**Work task**
In the records below, find the line containing "где можно купить" and the line containing "The World’s Lakes Are Losing Oxygen". Give again exactly those lines and every line between them, omitting the pictures.

**Recorded information**

========

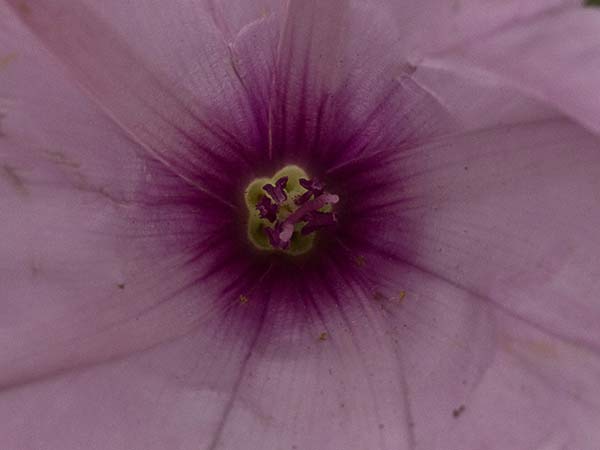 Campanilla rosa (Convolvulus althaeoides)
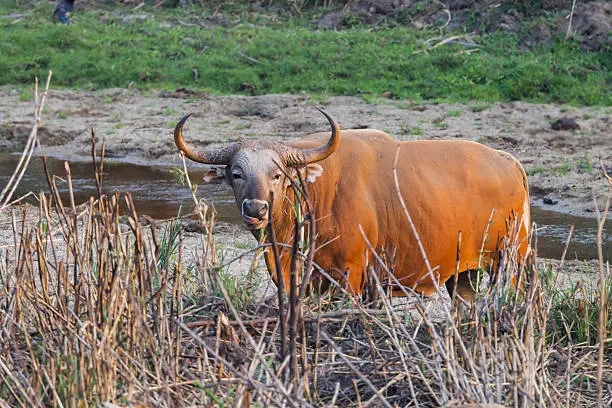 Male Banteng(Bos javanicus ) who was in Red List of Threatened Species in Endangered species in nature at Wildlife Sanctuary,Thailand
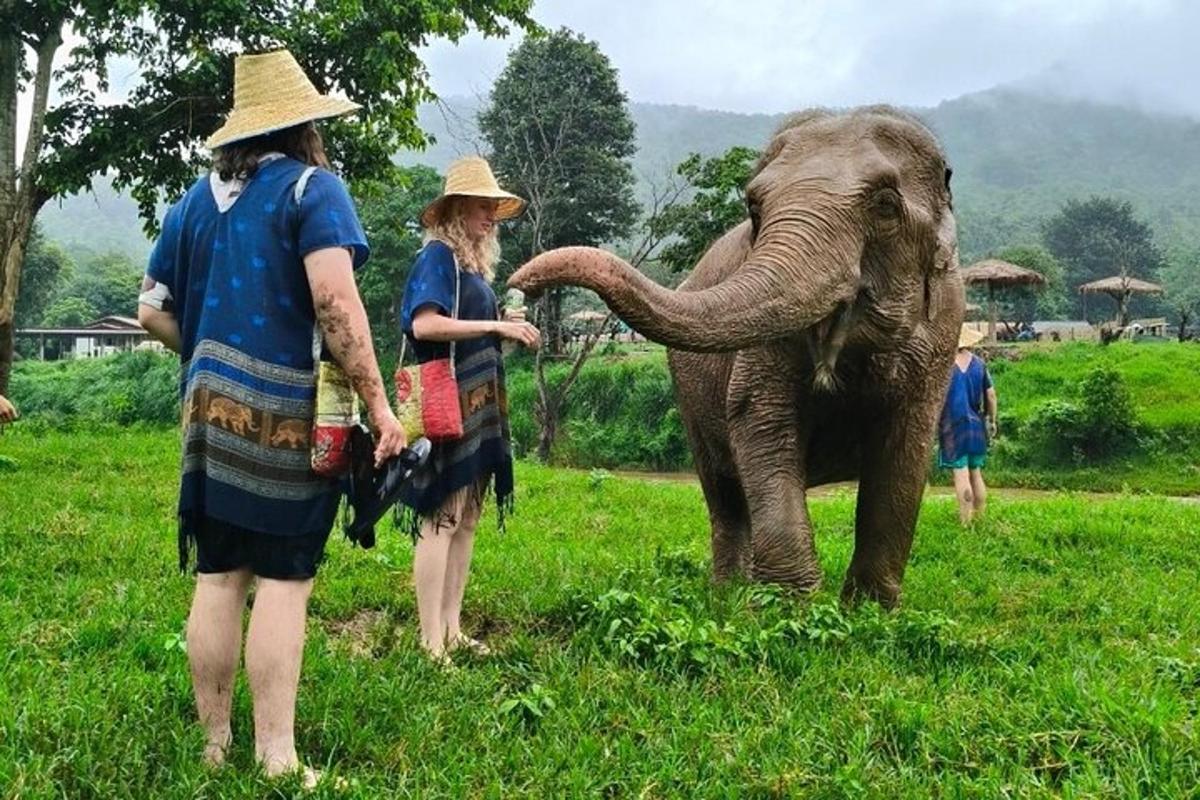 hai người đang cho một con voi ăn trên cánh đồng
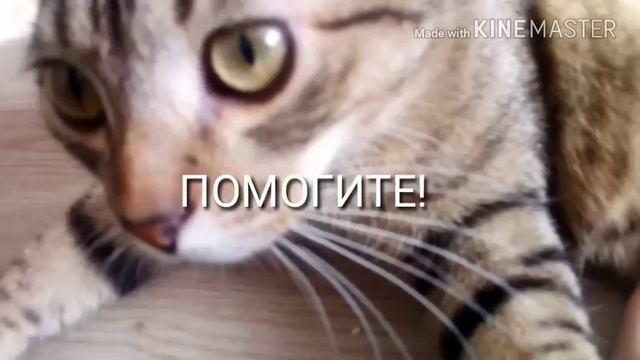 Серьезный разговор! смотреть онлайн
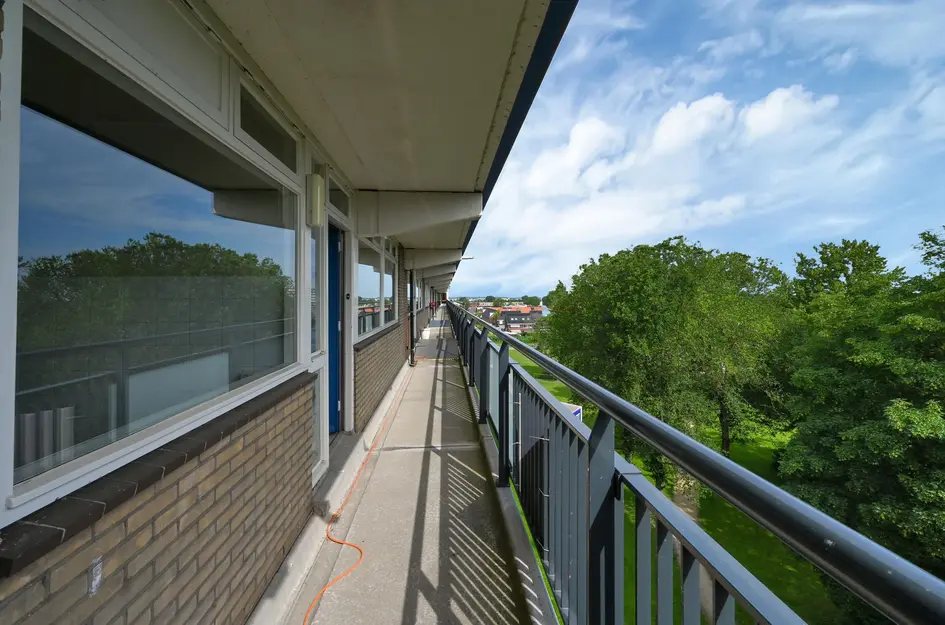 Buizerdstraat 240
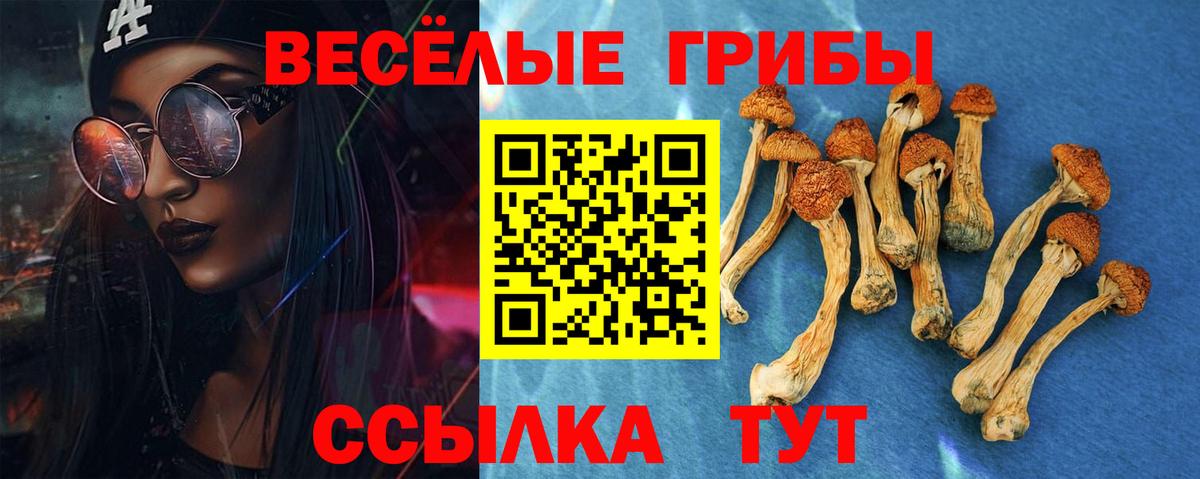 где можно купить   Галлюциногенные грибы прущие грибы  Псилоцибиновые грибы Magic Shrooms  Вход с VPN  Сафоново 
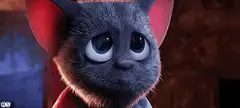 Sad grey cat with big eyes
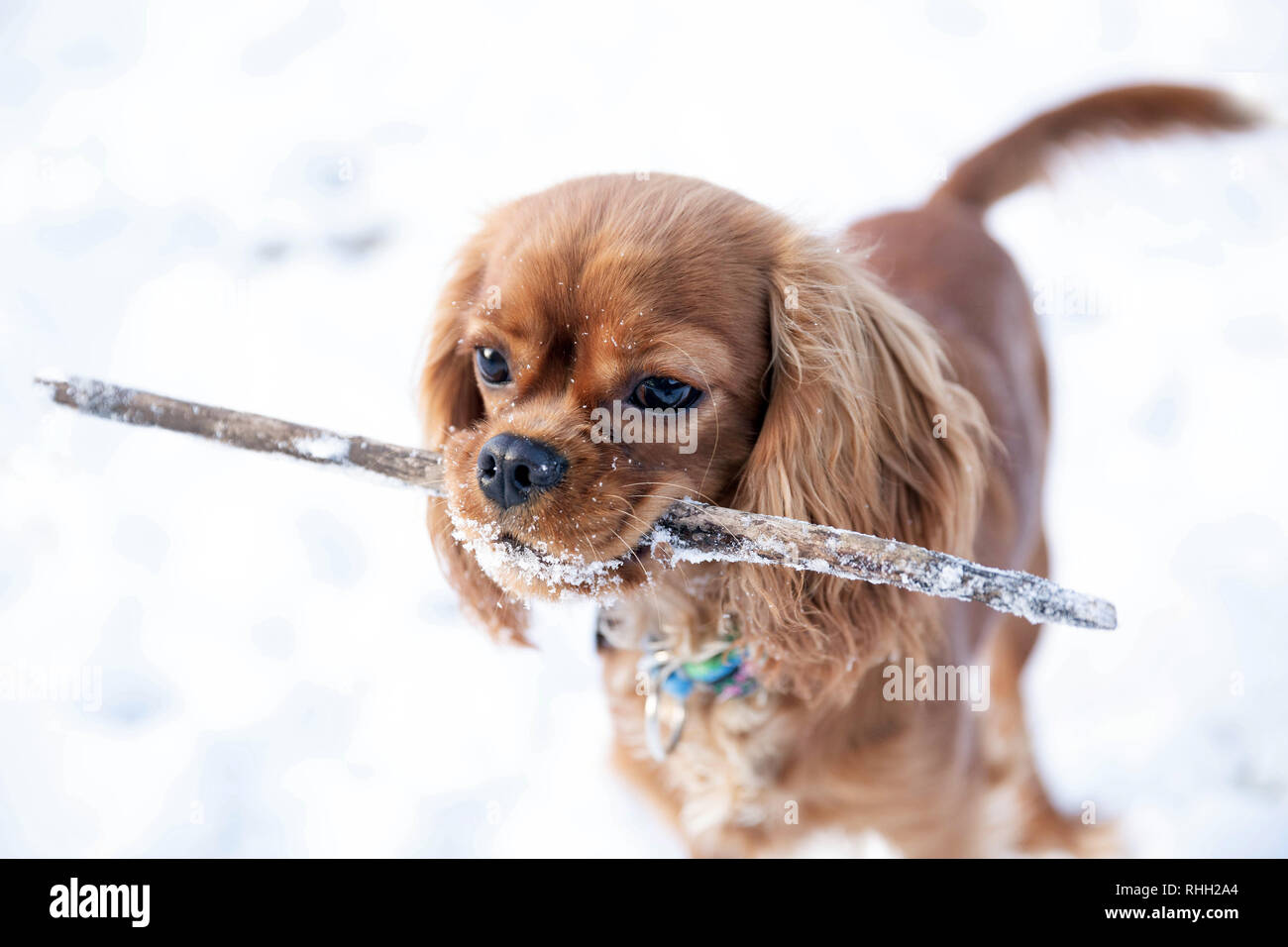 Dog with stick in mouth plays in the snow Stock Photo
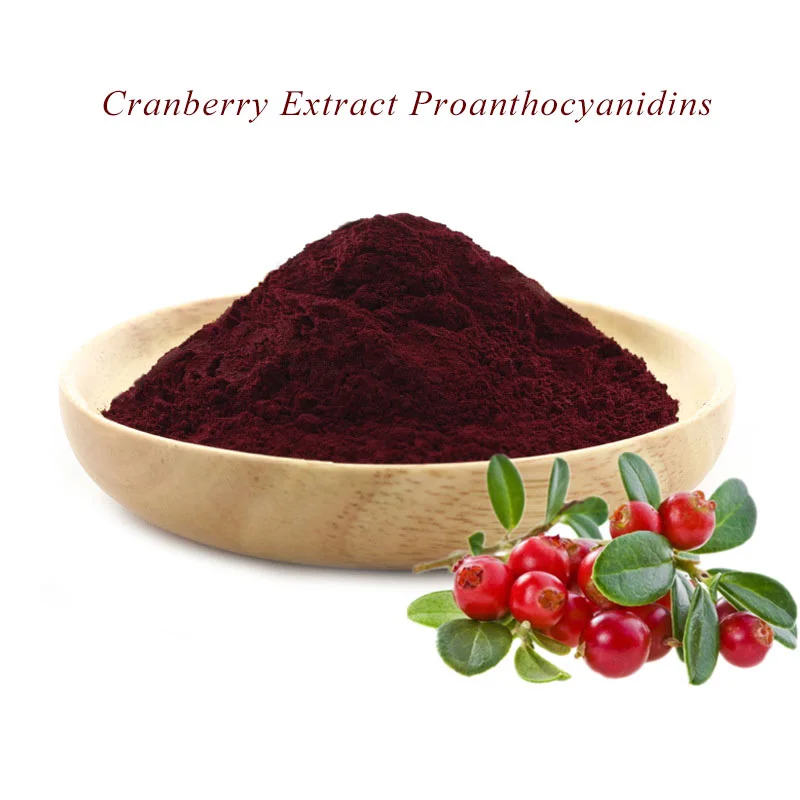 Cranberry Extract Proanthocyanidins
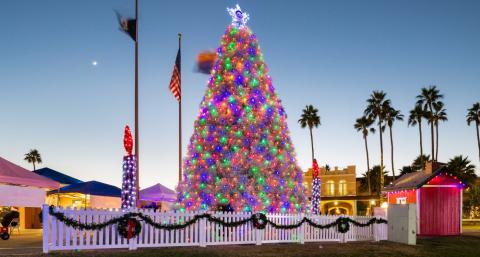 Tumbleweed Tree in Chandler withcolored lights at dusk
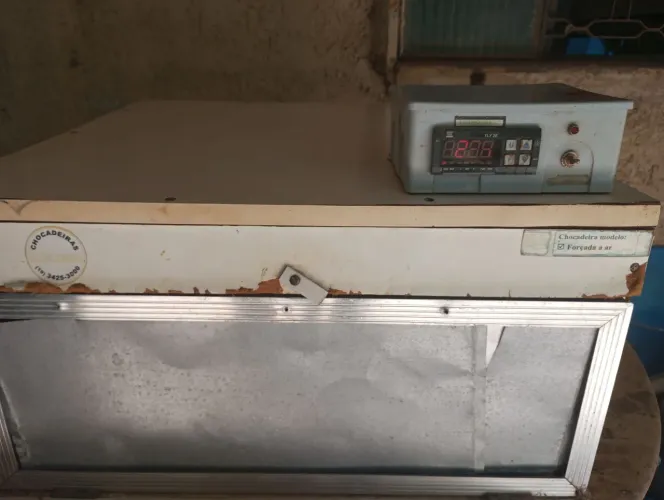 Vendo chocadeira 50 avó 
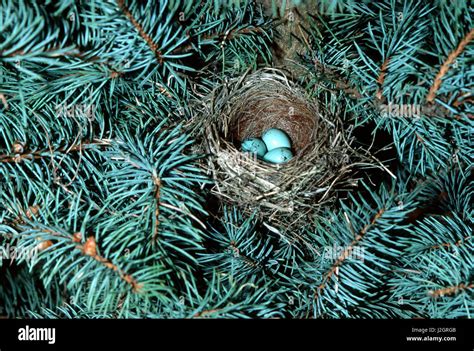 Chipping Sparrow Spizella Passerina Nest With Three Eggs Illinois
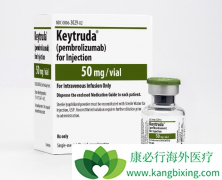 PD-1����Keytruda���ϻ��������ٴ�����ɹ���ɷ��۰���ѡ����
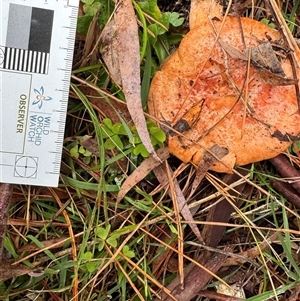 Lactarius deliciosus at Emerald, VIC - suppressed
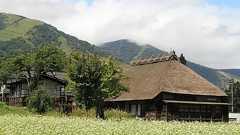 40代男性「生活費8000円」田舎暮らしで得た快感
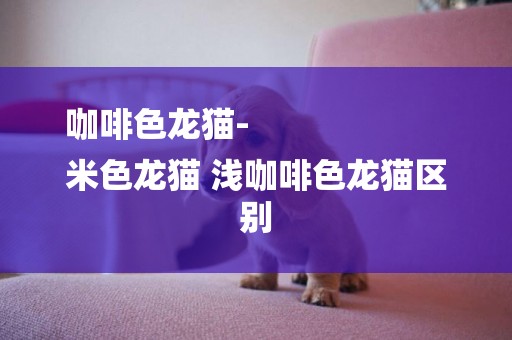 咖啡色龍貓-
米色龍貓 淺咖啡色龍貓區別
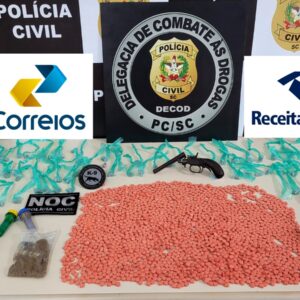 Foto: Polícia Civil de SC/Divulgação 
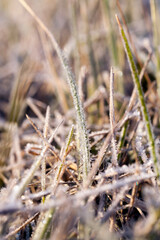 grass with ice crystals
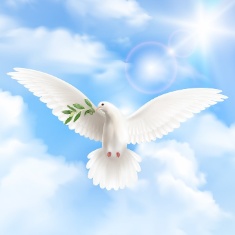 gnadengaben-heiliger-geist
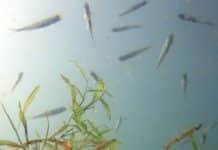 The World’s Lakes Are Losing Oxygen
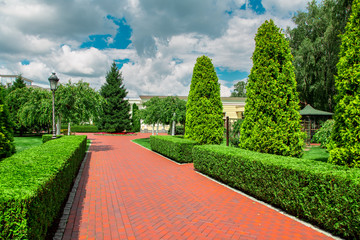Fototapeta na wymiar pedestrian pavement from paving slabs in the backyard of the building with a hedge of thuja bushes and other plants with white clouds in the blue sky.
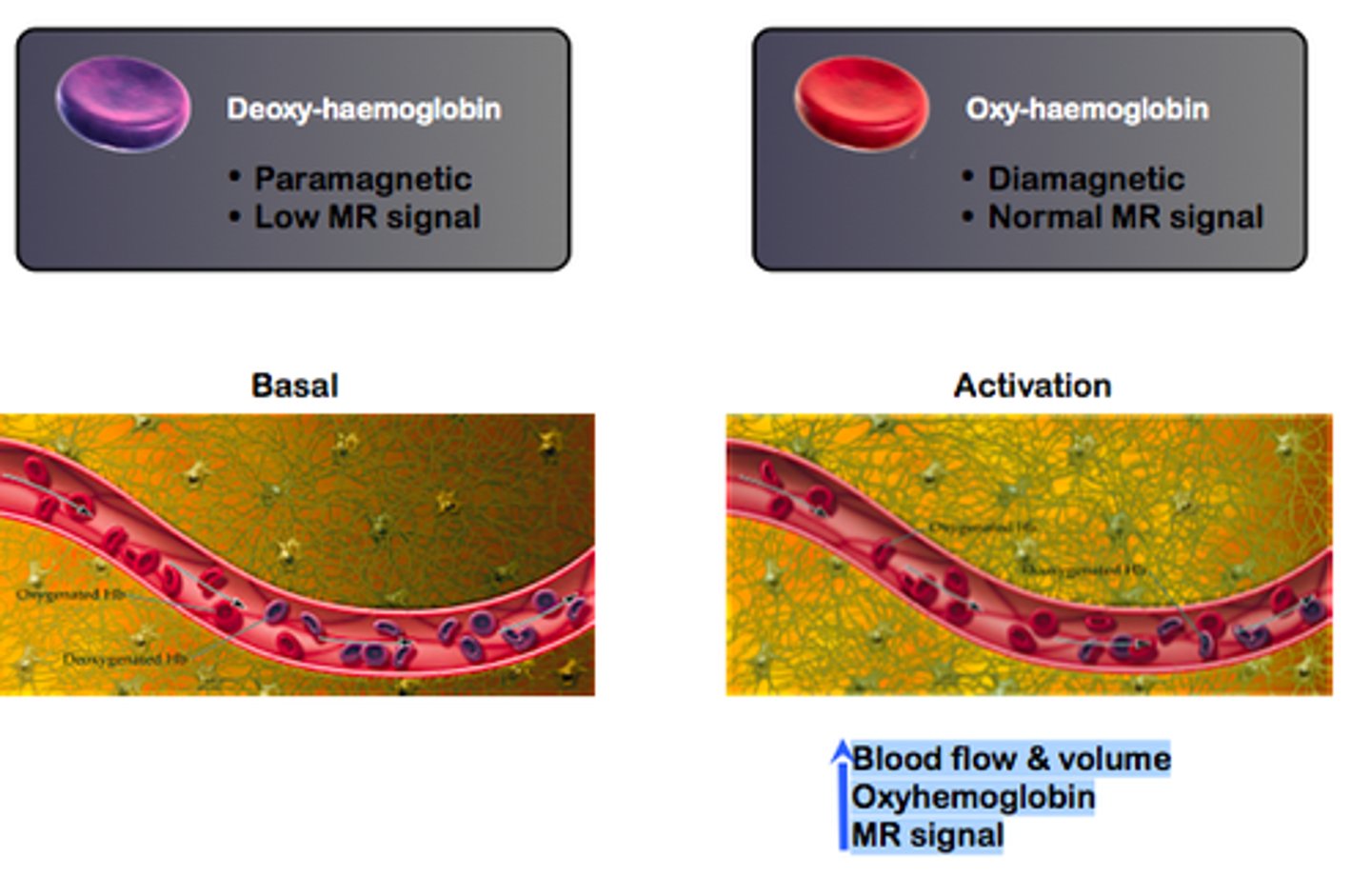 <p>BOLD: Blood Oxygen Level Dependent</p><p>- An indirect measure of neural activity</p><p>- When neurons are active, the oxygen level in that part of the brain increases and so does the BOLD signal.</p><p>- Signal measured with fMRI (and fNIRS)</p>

========

**Result of this task**
 где можно купить   Галлюциногенные грибы прущие грибы  Псилоцибиновые грибы Magic Shrooms  Вход с VPN  Сафоново 
 Sad grey cat with big eyes
 Dog with stick in mouth plays in the snow Stock Photo
 Cranberry Extract Proanthocyanidins
 Tumbleweed Tree in Chandler withcolored lights at dusk
 Vendo chocadeira 50 avó 
 Chipping Sparrow Spizella Passerina Nest With Three Eggs Illinois
 PD-1����Keytruda���ϻ��������ٴ�����ɹ���ɷ��۰���ѡ����
 Lactarius deliciosus at Emerald, VIC - suppressed
 40代男性「生活費8000円」田舎暮らしで得た快感
 咖啡色龍貓-
米色龍貓 淺咖啡色龍貓區別
 Foto: Polícia Civil de SC/Divulgação 
 grass with ice crystals
 gnadengaben-heiliger-geist
 The World’s Lakes Are Losing Oxygen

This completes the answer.